I think that's the order I'd choose. :? I've had permits for snow**** and ptarmigan but never harvested either, so I guess they don't make the list of favorites.


----------



## stillhunterman (Feb 15, 2009)

Probably pheasants, with doves a close second...I think!


----------



## broncbuster (Jul 22, 2009)

My favorite to hunt is a Twin Breasted Matress Thrasher with a blunt object.


----------



## Size Matters (Dec 22, 2007)

Hey Bronc buster do you ever get any? :mrgreen: my favorites are phesant-Blues-sagehens-chuckars.


----------



## Donttreadonme (Sep 11, 2007)

Pheasants always have been and always be my favorite. If I could hunt them like I did in the early 90's here in Cache Valley, I don't know that I would worry about hunting anything else, but sadly those days are gone. I love forest grouse as well though and have quite enjoyed Sandhill Crane hunting the last few seasons. I actually have a tag this year and think it will be even funner now that I will be pulling the trigger.


----------



## broncbuster (Jul 22, 2009)

Size Matters said:


> Hey Bronc buster do you ever get any? :mrgreen: my favorites are phesant-Blues-sagehens-chuckars.


Its hard to get a tag for them. But fun to chase anyways. _(O)_


----------



## duck jerky (Sep 8, 2007)

Pheasants and then doves, chukars and huns.


----------



## Bax* (Dec 14, 2008)

I like every hunt. Upland hunts are just so fun. Theres nothing like working a dog through thick undergrowth only to have a bird explode at your feet when you least expect it.

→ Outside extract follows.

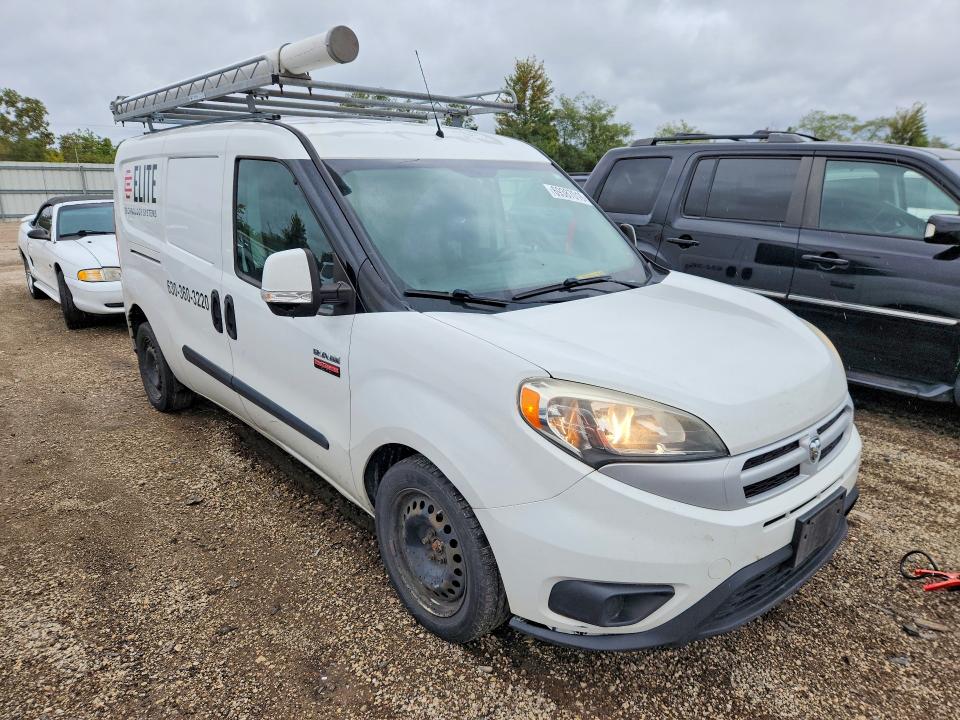 Aukcja sprzedaży 2017 Ram Promaster City, vin: ZFBERFBB2H6E11914, numer aukcji: 69387016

Upland is so fun because it is so diverse. You can be in a wooded area, marsh land, and deserts and find all sorts of birds that are delicious. 

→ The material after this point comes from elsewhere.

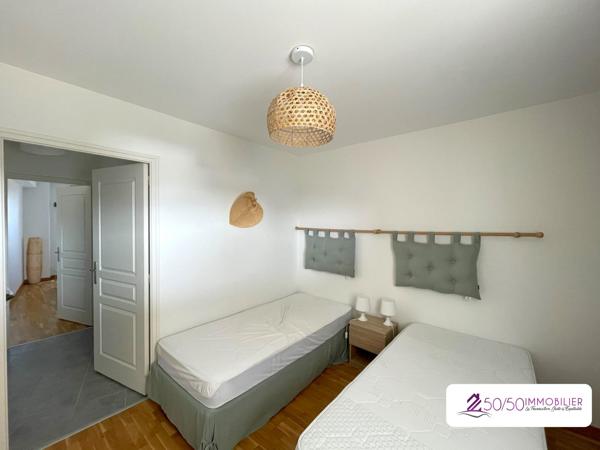 APPARTEMENT DE STANDING VUE MER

Just starting to understand the chuckar behavior (have lots to learn though), but that hunt is quickly becoming a favorite. Someday I may need to hit you guys up and ask to tag along to learn some more, but what a riot!


----------



## billybob (Oct 27, 2008)

Blues, first and foremost. Sharpies over man's best friend is a close second though.


----------



## tigerpincer (Dec 5, 2009)

For anyone that doesnt have much access to private land I dont know how anything could come ahead of the Chukar. Most of the places I find Chukar are public lands. Please tell me what other game animal you can say that about? Cept perhaps forest grouse n they are just to dumb to be # 1. Chukars are very challenging, they fly hard, they make your dog really work and they are the best eating of all upland game in my opinion.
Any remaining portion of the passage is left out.